▶ _WORK ORDER_:
Below are entries. Reproduce exactly the lines between the line holding "Sala de controlo" and the line holding "Elegant branch olive.", inclusive, and only those.

▶ _DATASET CONTENT_:

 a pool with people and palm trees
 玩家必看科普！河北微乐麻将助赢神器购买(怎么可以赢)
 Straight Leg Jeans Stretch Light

* * *

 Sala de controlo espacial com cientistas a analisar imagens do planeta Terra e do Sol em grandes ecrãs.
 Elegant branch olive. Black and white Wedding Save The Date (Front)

▶ _ANSWER AREA_:
 Sala de controlo espacial com cientistas a analisar imagens do planeta Terra e do Sol em grandes ecrãs.
 Elegant branch olive. Black and white Wedding Save The Date (Front)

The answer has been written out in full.